The Internet is making us dumber! The ambient light of square electronic screens is irradiating our brains and making it so we can't read or … write … words … good. We should stash our smartphones in lockboxes and bury them in the yard and vow not to dig them up until we've all of us read The Brothers Karamazov by candlelight.

For the most part, however, I possess a sort of intuitive belief that the human brain is pretty adaptable, and that we won't forget how to read just because there's a new season of House of Cards to stream. So the ascendency of Audible, iBooks and other audiobook formats hasn't really bothered me on some basic, existential level. Earlier this year, The Wall Street Journal reported that "audiobooks are the fastest-growing format in the book business today," with a whopping 21-per-cent uptick in sales in the United States and Canada alone between 2015 and 2016. Such impressive numbers tend to carry with them the kernel of digital anxiety, and the looming threat that the arrival of the new marks the end of the old, and that it's only a matter of time before audiobooks displace good ol' fashioned, pulp 'n' ink codexes.

It is, I think, a false problem. And as Matthew Rubery's new book The Untold Story of the Talking Book illustrates, it's not even an especially new one. The relationship between books and recorded books (or audiobooks, or "talking books") is a muddy one. As Rubery writes that "we still lack the vocabulary for discussing its relationship to conventional books, not to mention its uncertain standing in the world of letters." His book is, to use the lite-academese in which it is written, an "intervention" into precisely such issues.

A book about the history of audio books sounds like a punchline from The Simpsons. But it is, nonetheless, a rigorously researched survey of the format's history, engaging with the very sort of existential and ontological anxieties that still define some attitudes toward recorded reading. Stuff like: Does listening constitute a form of literary? What is the relationship between a printed book and audiobook, if there is one at all? Can a book talk? Does it even make sense to call a "talking book" a "book"? And so on.

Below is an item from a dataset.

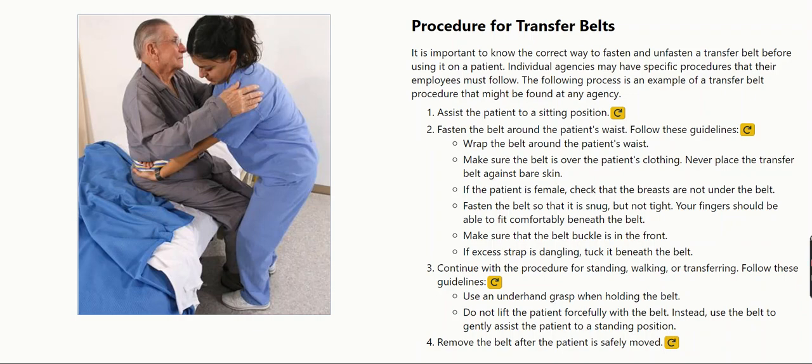Continue with the procedure for standing, walking, or transferring. Use an underhand grasp when holding the belt. Do not lift the patient forcefully with the belt. Instead, use the belt to gently assist the patient to a standing position.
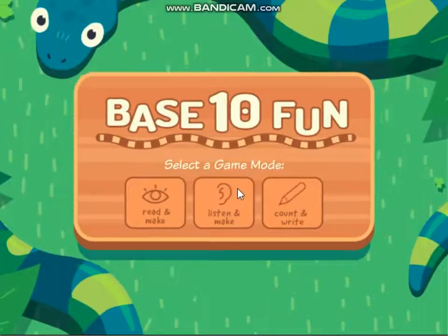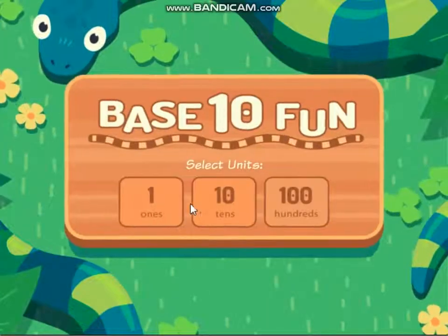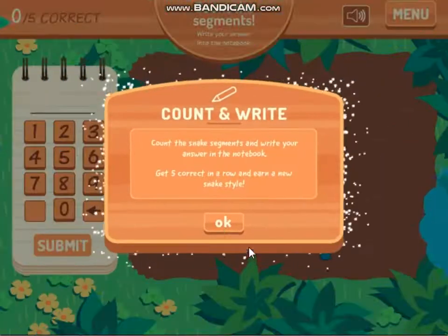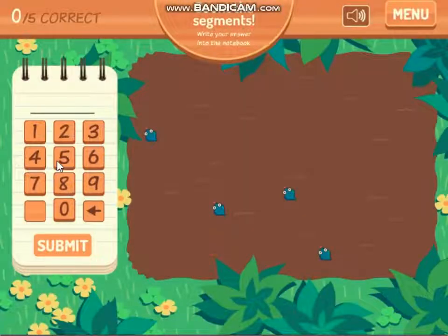At least ten fun. Count and write ones. Count the snake segments and write your answer in the notebook. Get five correct in a row and earn a new snake style.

Some of the most interesting stuff in Rubery's Untold History concerns the myriad ways in which certain authors intend to preserve the medium-specific integrity of traditional, codex-format books. Works by David Foster Wallace (whose mammoth Infinite Jest included hundreds of pages of endnotes) and Jennifer Egan (whose A Visit From The Goon Squad has a whole section rendered as a PowerPoint presentation) offer deliberate-seeming challenges to audio adaptation. Accents and regional dialects pose a whole other set of problems.

Another clever chapter examines the relationship between suburban sprawl, bedroom communities and the rise of books on cassette tape marketed to "commuters who were looking to fill time, not save it." One such motorist happily spent 10 months driving to and from work immersed in a recording of Winston Churchill's six-volume history The Second World War that ran some 147 hours.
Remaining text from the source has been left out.